What this task involves — Each line from the one holding "Pompa cu filtru pentru piscina Bestway" through the end of the records should be returned exactly, while pictures are skipped.
· · · · · · ·
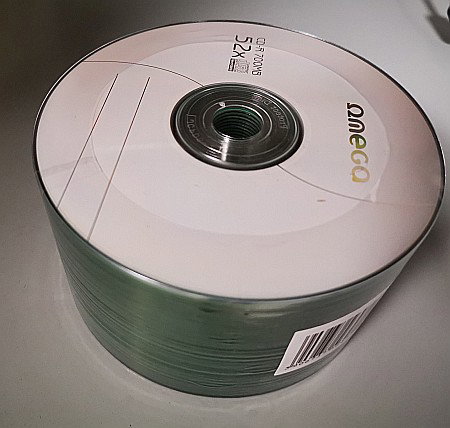 TEC CD OMEGA 50/SET CD-R OM50S-SET50 [1]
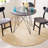 Taran Easy Care Hand Hooked Performance Damask Rug-1553755807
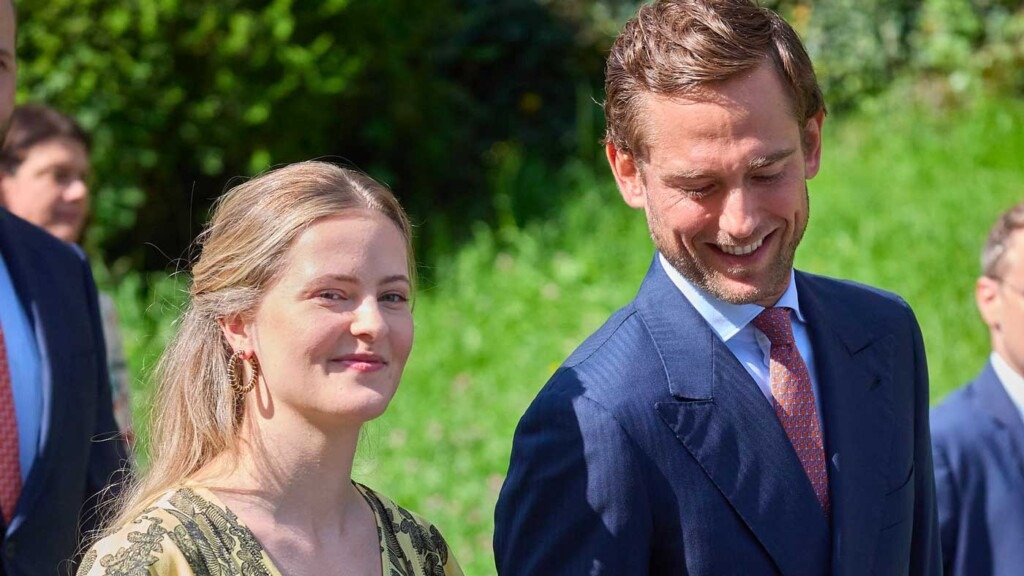 La princesse Marie Caroline brille aux côtés de son fiancé, peu avant leur mariage au Liechtenstein La princesse Marie Caroline brille aux côtés de son fiancé, peu avant leur mariage au Liechtenstein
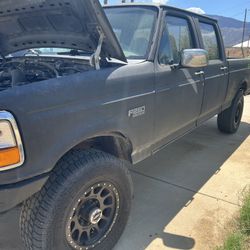 1997 Ford F250 HD Short Bed. Trade For Toyota
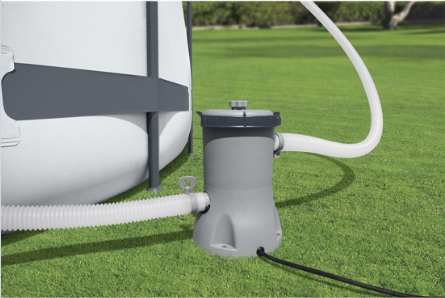 Pompa cu filtru pentru piscina Bestway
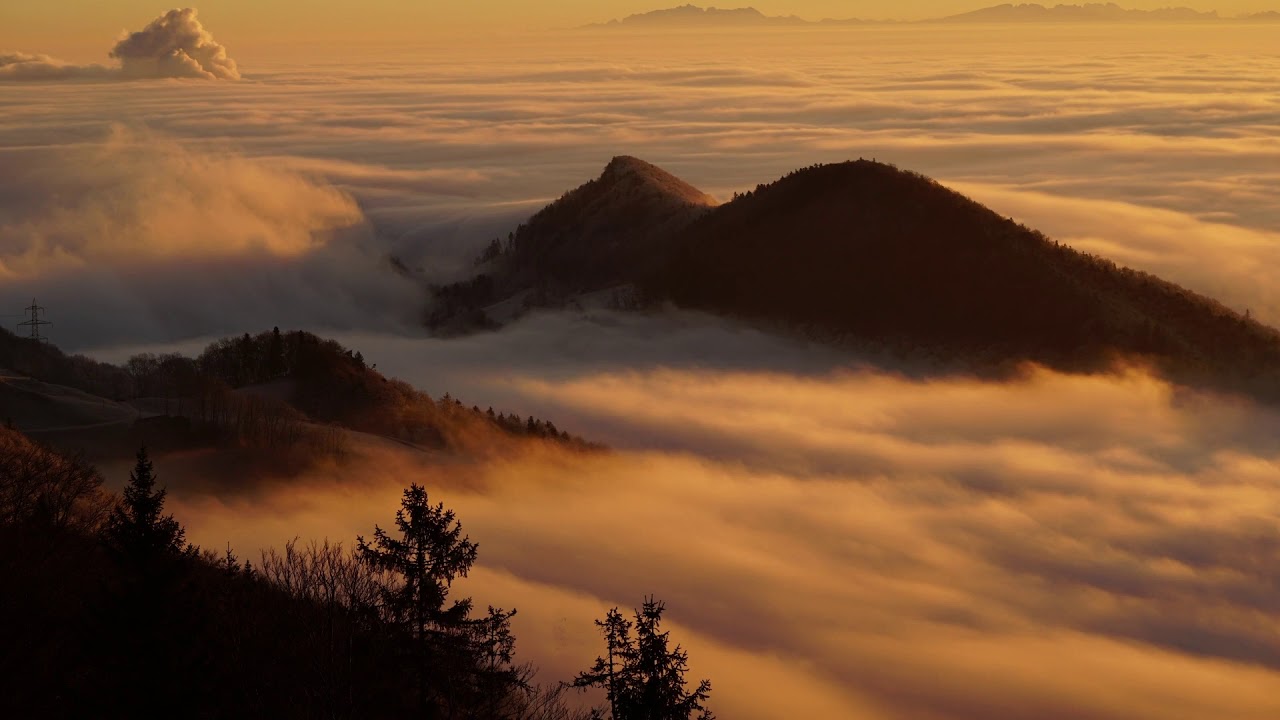 Mindful Minute - Mountain Fog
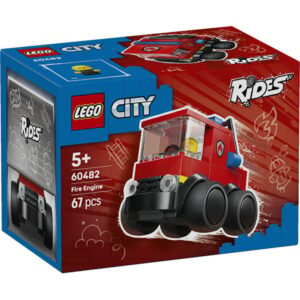 Fordon - brandbil LEGO City Brick Rides (60482)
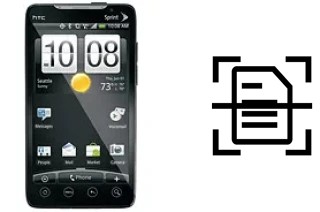 Come scannerizzare su un HTC Evo 4G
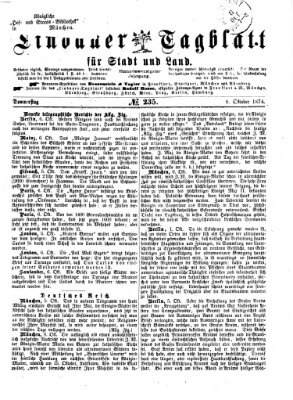 Lindauer Tagblatt für Stadt und Land Donnerstag 8. Oktober 1874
· · · · · · ·
Result of this task —
 Pompa cu filtru pentru piscina Bestway
 Mindful Minute - Mountain Fog
 Fordon - brandbil LEGO City Brick Rides (60482)
 Come scannerizzare su un HTC Evo 4G
 Lindauer Tagblatt für Stadt und Land Donnerstag 8. Oktober 1874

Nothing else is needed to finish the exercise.